🤖 AI Summary
This work addresses the limitations of existing multimodal sequential recommendation methods, which suffer from constrained semantic representation due to small frozen encoders and ineffective fusion of collaborative filtering signals. Directly fine-tuning vision-language models (VLMs) often leads to modality collapse, where a single modality dominates optimization. To overcome these challenges, the authors propose an embedding architecture built upon a high-capacity VLM, complemented by weak-modality-penalized contrastive learning to rectify gradient imbalance and a cross-modal relational topology regularizer to preserve geometric consistency across modalities.
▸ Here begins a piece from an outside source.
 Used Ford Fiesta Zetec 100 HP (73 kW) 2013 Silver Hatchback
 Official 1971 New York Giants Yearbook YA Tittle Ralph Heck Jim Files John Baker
This approach achieves, for the first time, balanced multimodal fusion that is aware of collaborative filtering signals. Extensive experiments demonstrate consistent and significant improvements over state-of-the-art methods across diverse scenarios, with notable gains in both recommendation accuracy and robustness.
📝 Abstract
Sequential Recommendation (SR) in multimodal settings typically relies on small frozen pretrained encoders, which limits semantic capacity and prevents Collaborative Filtering (CF) signals from being fully integrated into item representations. Inspired by the recent success of Large Language Models (LLMs) as high-capacity embedders, we investigate the use of Vision-Language Models (VLMs) as CF-aware multimodal encoders for SR. However, we find that standard contrastive supervised fine-tuning (SFT), which adapts VLMs for embedding generation and injects CF signals, can amplify its inherent modality collapse. In this state, optimization is dominated by a single modality while the other degrades, ultimately undermining recommendation accuracy. To address this, we propose VLM2Rec, a VLM embedder-based framework for multimodal sequential recommendation designed to ensure balanced modality utilization. Specifically, we introduce Weak-modality Penalized Contrastive Learning to rectify gradient imbalance during optimization and Cross-Modal Relational Topology Regularization to preserve geometric consistency between modalities. Extensive experiments demonstrate that VLM2Rec consistently outperforms state-of-the-art baselines in both accuracy and robustness across diverse scenarios.